• [What you are asked to do]
Exactly as written, please set down all of the entries again, with no pictures.

Stored data entries
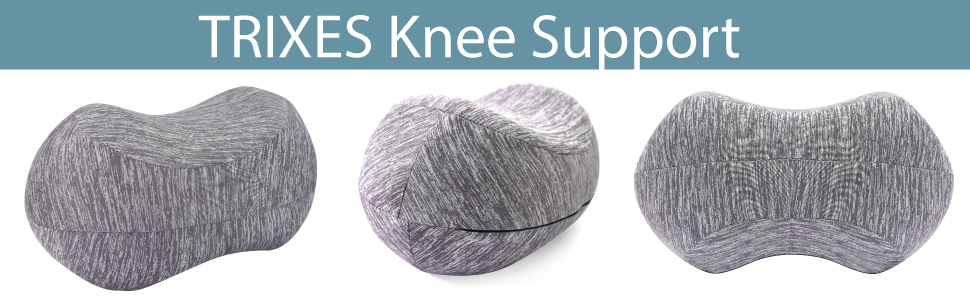 knee support pillow pain back men racewomen compression cushion memory lumber lower support sleeping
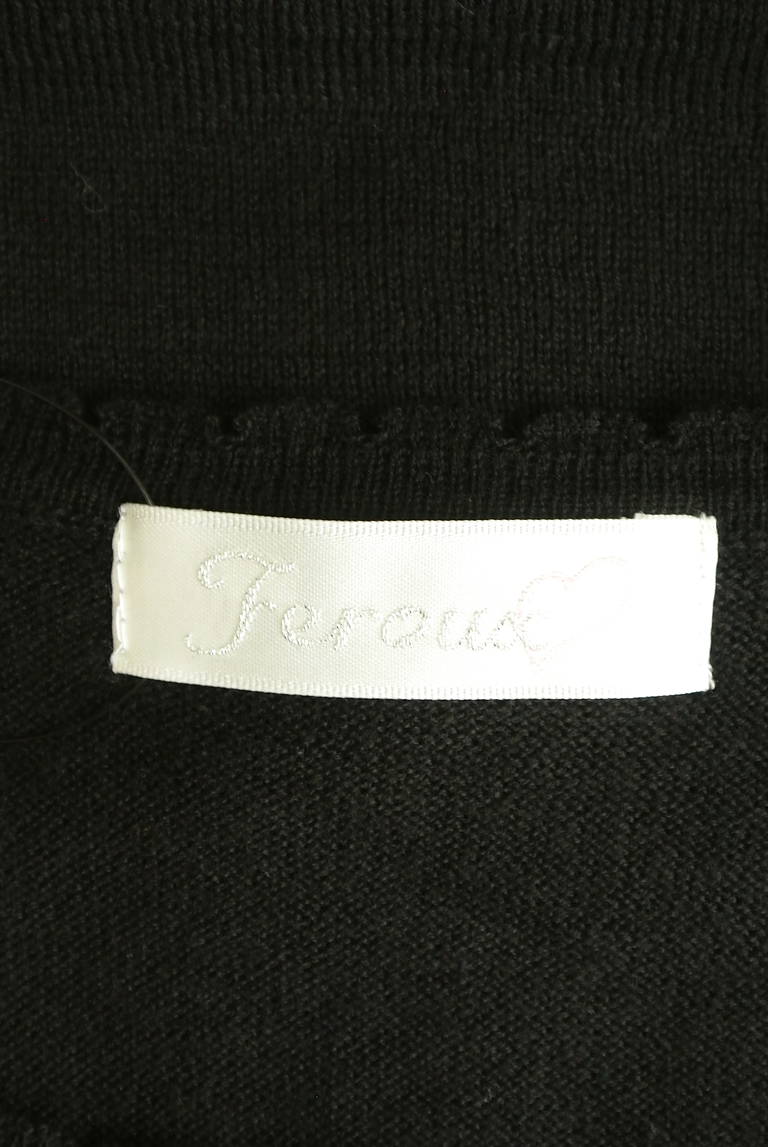 Feroux（フェルゥ）の古着「商品番号：PR10301185」-大画像6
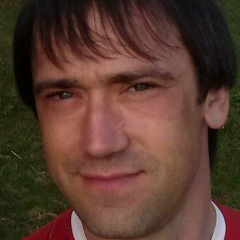 Сергей Кириллов, 25.12.1980, Дедовичи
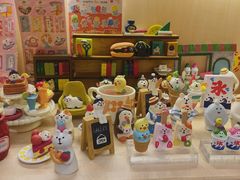 -解忧集市(北京路天河城店)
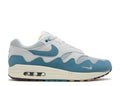 Air Max 1 Patta Waves Noise Aqua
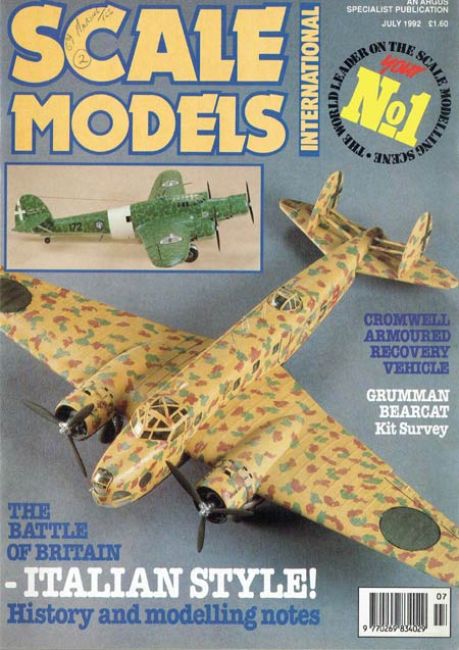 Scale Models International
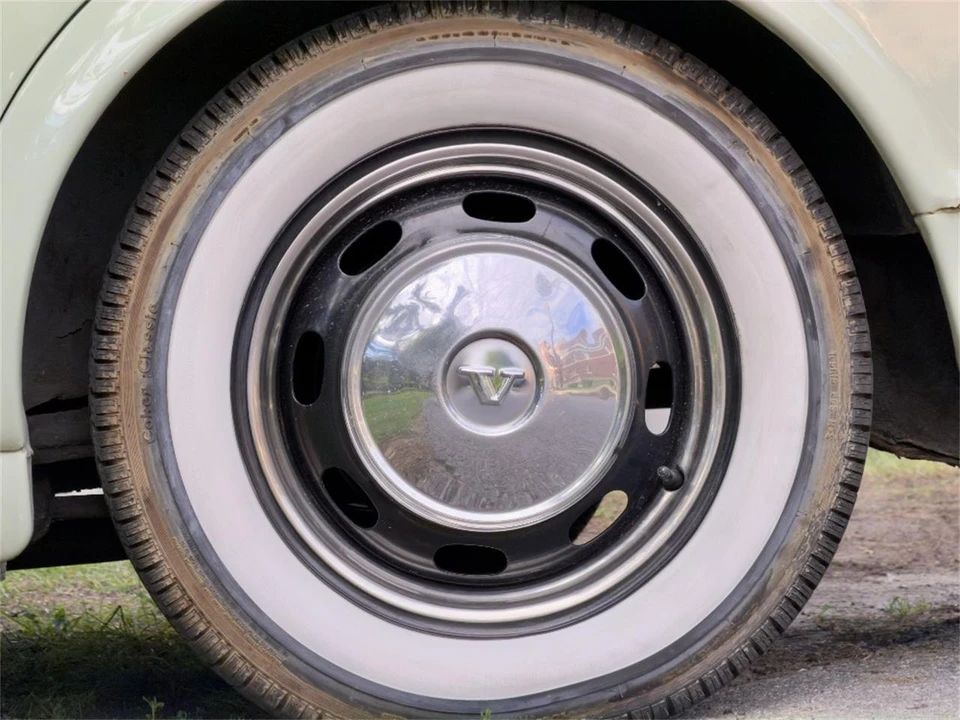 1966 Volvo Amazon 121 - Image 23 of 31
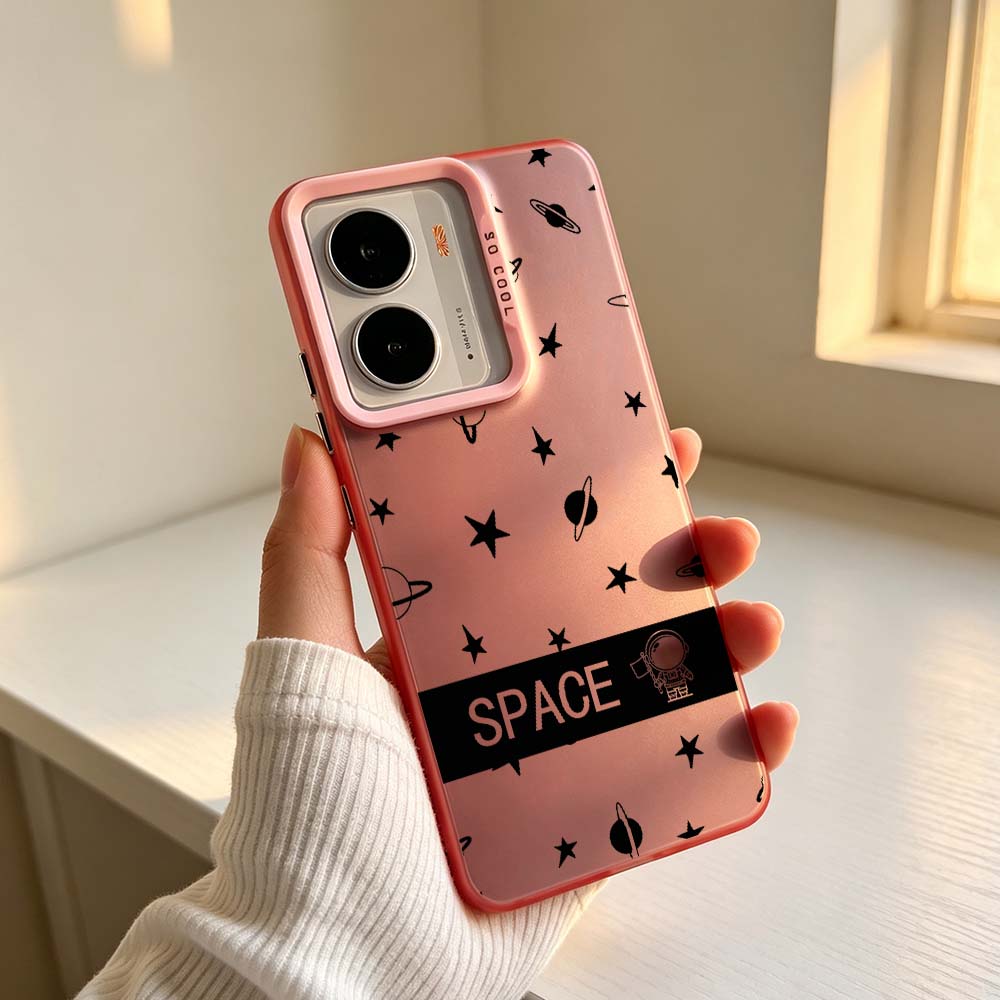 Design Stars Space Cover für R – Realme C67 Bewertung und Preis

• [Output for this task]
 knee support pillow pain back men racewomen compression cushion memory lumber lower support sleeping
 Feroux（フェルゥ）の古着「商品番号：PR10301185」-大画像6
 Сергей Кириллов, 25.12.1980, Дедовичи
 -解忧集市(北京路天河城店)
 Air Max 1 Patta Waves Noise Aqua
 Scale Models International
 1966 Volvo Amazon 121 - Image 23 of 31
 Design Stars Space Cover für R – Realme C67 Bewertung und Preis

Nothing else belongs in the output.